Of course you may not be able to plan for every possible eventuality — every so often, someone invents a new sequencing technology that comes with exciting new error modes – and therefore, over time, you will probably have to add new test cases to your test suite:
“Be prepared to extend the test set as new edge cases present themselves.”
That adds an important requirement to how you’re going to do the testing: it has to be relatively easy to add a new test case to your test suite without disrupting ongoing production work.
Which brings us to the “how do you do this stuff in practice” part of the discussion.

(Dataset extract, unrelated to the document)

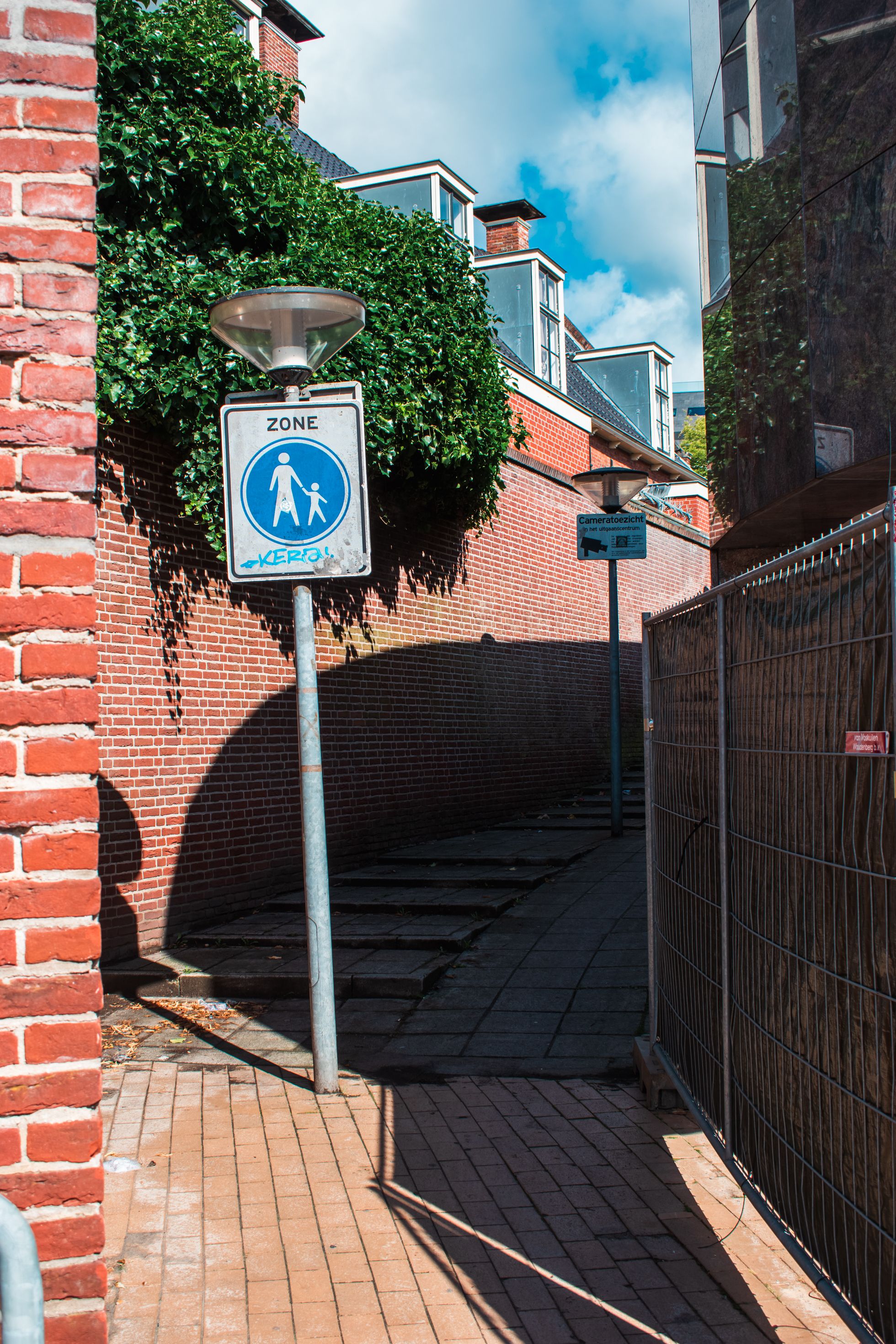 Brick pathway with pedestrian signs in a sunny urban area.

Doing it in practice and at scale with Terra
Folks with a background in software engineering will probably say, oh, we have standardized tools and approaches for doing this sort of thing. For example, there are “continuous integration” tools that can be configured to pull code from github and run preconfigured test suites. That is something larger, software development-focused teams (like the GATK team) rely on extensively for testing their code. However, the tools involved can be difficult to set up if you don’t have a software engineering background, which is the case of many bioinformaticians whose job is not to write new tools but to apply existing tools appropriately to scientific analysis use cases.
Another problem is that those test suite tools are often designed more for small-scale testing of individual steps than for full-scale testing of end-to-end analyses. It can be difficult to apply them to use cases like running a whole genome analysis pipeline on a battery of different sets of inputs. That’s often done manually, which sets constraints on the amount and complexity of test variables you might be willing or able to consider including in your test suite.

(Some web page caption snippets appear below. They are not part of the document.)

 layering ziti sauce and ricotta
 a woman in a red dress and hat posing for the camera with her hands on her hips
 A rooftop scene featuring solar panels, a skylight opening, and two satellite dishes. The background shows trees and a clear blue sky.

In contrast, Terra lends itself very well to this kind of end-to-end testing. You can set up as many different input configurations as you like, for individual workflows or even workflows of workflows (yay imports). Since the workflow system handles all aspects of execution on the cloud, including massive parallelization and linking to outputs in data tables, maintaining and executing a comprehensive test suite becomes accessible to just about everyone regardless of background.
“But Geraldine,” I hear some of you say, “I don’t want to have to set up dozens of individual runs of pipeline tests through a graphical interface. It’s too much clicking!”

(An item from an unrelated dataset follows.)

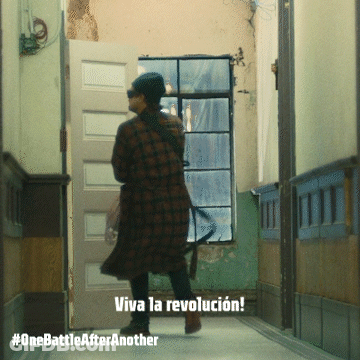 A Woman In A Plaid Coat Is Walking Down A Hallway With The Words Viva La Revolucion On The Bottom GIF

The good news is that you don’t have to go through the web interface to either set up or run your test suite. You can write scripts in either Python or R to manage test data, set up workflow configurations and launch workflows programmatically using a library called FISS, as described in the Terra documentation.
We know of multiple groups who use this capability to run end-to-end tests of their software tools and pipelines at scale; some even use git actions to trigger test runs automatically when they commit or release new code in Github.
Note: At time of writing, the tutorial for setting up and launching workflows using FISS is still in development. However the workspace and data management tutorials are already complete and are a great way to get started with FISS and the Terra API.